Um evento desse porte, com a presença de um jogador como João Fonseca, é de grande relevância. Não só pela visibilidade, mas também pelo impacto financeiro em áreas como hotelaria, gastronomia, transporte e outros serviços locais.
A ideia de realizar a competição no Parque Moinhos de Vento, assim como ocorreu em 1998, quando o Brasil de Guga Kuerten e Fernando Meligeni encarou a Espanha de Carlos Moyá e Alex Corretja, em uma arena que seria erguida assim como foi 30 anos atrás, pode impactar na criação de postos de trabalho temporários e até mesmo no fomento ao comércio regional.

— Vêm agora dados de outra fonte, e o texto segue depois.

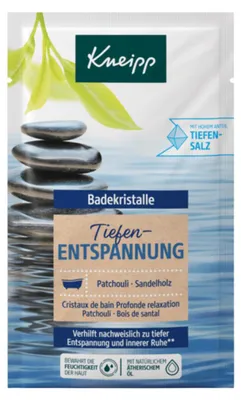 Immagine prodotto di Sale da bagno per il rilassamento profondo Sale da bagno 60 - Kneipp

Ser sede de uma competição como a Copa Davis, que tem mais de 100 anos de existência e que é considerada a Copa do Mundo da modalidade, com televisionamento para mais de 150 países, ainda irá auxiliar o turismo esportivo, como ocorre por exemplo quando o STU National de Skate vem à capital, bem como projetar Porto Alegre e o Rio Grande do Sul como destino turístico.
A decisão ainda não está tomada. A ideia e a candidatura estão postas. Que surjam empresas que viabilizem o evento. Todos seriam beneficiados direta e indiretamente.
Que a possível volta da Copa Davis a Porto Alegre seja não apenas um capítulo isolado, mas um novo passo para que o esporte gaúcho volte a crescer e seja impulsionado. Público existe. O que falta é investir.